All this happened, more or less.

I’ve forgotten how it started. Maybe one of us moaned about the cruel injustice of Monday mornings. Or we’d been struggling to plan a potluck, and every evening was off the table. Or someone was simply craving waffles.

What matters is that one fateful day during my junior year at Calvin, somewhere on the third floor of the Theta apartment building, Waffle Monday was born.

By happy accident, three of the rooms on the third floor (including mine) came pre-loaded with my friends. We roamed amongst each other’s apartments for procrastinatory evenings filled with Microsoft Kinect, Doctor Who, and baking adventures. One evening, we togged up in formalwear and suit-crashed a casual taco joint in downtown Grand Rapids. To wake ourselves up for another long night of paper-writing, we shed our shoes and danced across the nearby soccer field beneath the October moon.

And then there was Waffle Monday. However it came about, one Monday morning, before the sun had even contemplated rising, with the vines of sleep still twined around our limbs, and with 8 a.m. classes looming, we made waffles. For twelve people. Using a single waffle iron. In the second-floor lobby. And it was perfection.

The next week, it happened again. Then the next. Within a month, Waffle Monday was unquestionable tradition: we stumbled from our respective abodes and congregated in the lobby armed with plates and jugs of milk. The tables were quickly smeared with waffle batter and strewn with half-empty jars of peanut butter. Nutella, jam, honey, cinnamon, and chocolate chips were arrayed at our disposal. With much rubbing of eyes and clattering of forks, we whipped out waffle after waffle for whomever showed up looking hungry. Surprisingly few passersby took us up on the offer, which was probably a good thing in the end, or we would never have made it to class. We emptied and filled our waffle-generating workhorse until all were fed.

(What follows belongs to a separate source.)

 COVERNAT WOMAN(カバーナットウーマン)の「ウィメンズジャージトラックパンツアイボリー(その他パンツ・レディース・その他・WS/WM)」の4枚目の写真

By senior year, my roommates and I had transitioned to an off-campus house just beyond KE. Waffle Monday morphed into biweekly pancake potlucks and evenings spent with glasses of decidedly off-campus wine and brownie sundaes.

Now, life has flung us far apart: we’re scattered across Seattle and Minneapolis, California and Detroit. And I’m in Ann Arbor, dreaming of waffles.